The biggest Chinese crowd-pleaser, however, has been Li Yang’s Blind Mountain. An apt follow-up to Li’s corrosive coal-mine thriller Blind Shaft, Blind Mountain—in which a college student is abducted and sold as a bride—has a similar documentary subtext and “blind” narrative force. Indeed, the shockingly abrupt ending brought down the house at normally soignée Salle Debussy. The scene in which rural medics demand payment up front before attending a dying patient was worthy of Michael Moore’s pamphleteering Sicko, a scattershot evisceration of the American health system that’s most effective when identifying said system as a raging capitalist symptom.
Speaking of social ills, it’s pretty darn amazing that each of the last three Cannes film festivals has featured a terrific Romanian movie. There was The Death of Mr. Lazarescu in 2005, 12:08 East of Bucharest (soon to open in New York) in 2006, and this year Cristian Mungiu’s 4 Months, 3 Weeks & 2 Days. The title refers to the length of a particular pregnancy and the movie concerns two college students as they attempt to have it terminated.

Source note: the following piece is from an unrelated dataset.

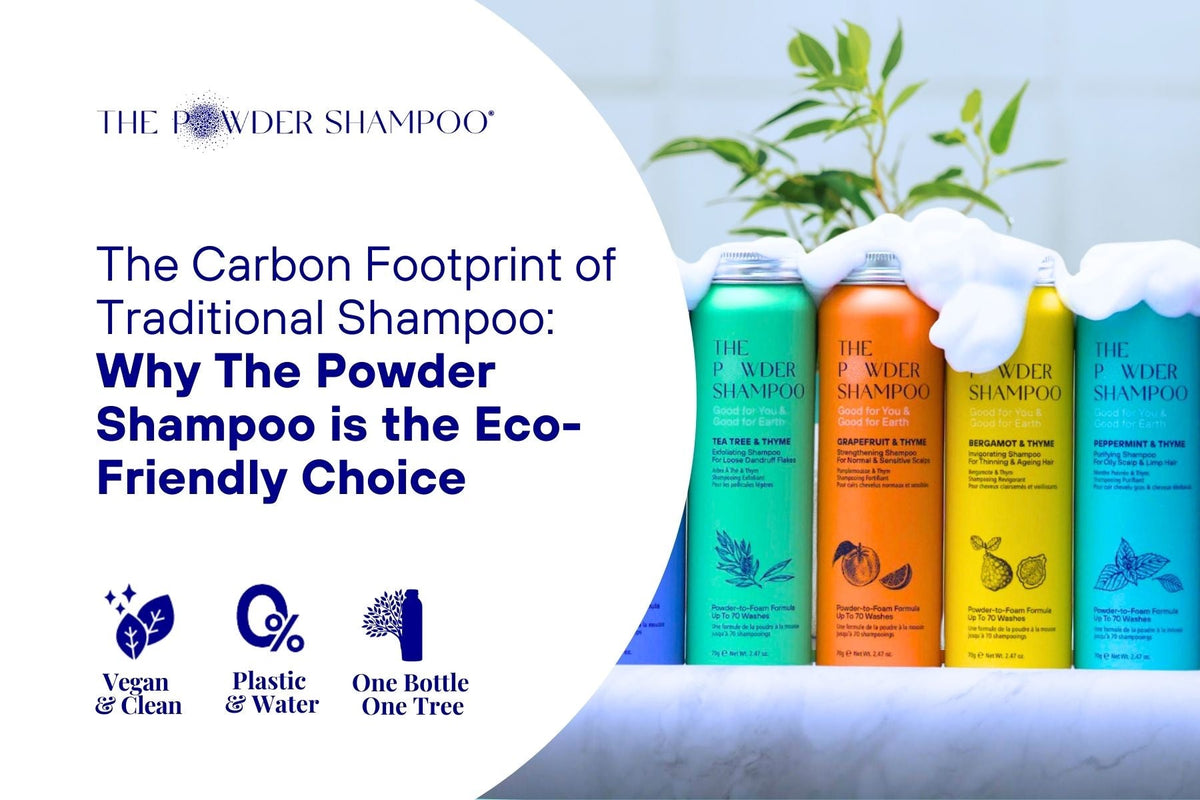 The Carbon Footprint of Traditional Shampoo: Why The Powder Shampoo is the Eco-Friendly Choice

Set in 1987, when abortion was illegal in Romania, 4 Months depicts late Communism as a barter economy in which everything is a hassle and male privilege is a given. The young women are naive but sympathetic. The movie’s unsentimental humanism is all the more impressive in the light of Andrei Zvyagintsev’s The Banishment, a Christian allegory also in competition centered on an unwanted pregnancy. Zvyagintsev won first prize at Venice his first time out with The Return; The Banishment is even more accomplished, but while it is in essence the imitation of art, 4 Months is the imitation of life.
A movie of long, behavioral takes, 4 Months resembles Lazarescu—which was shot by the same DP—in choreographing a process. The tone, however, is more grim than grimly humorous. Brilliant as it is, 4 Months is likely to be a harder sell: It’s a movie about abortion that makes Vera Drake look like Mary Poppins.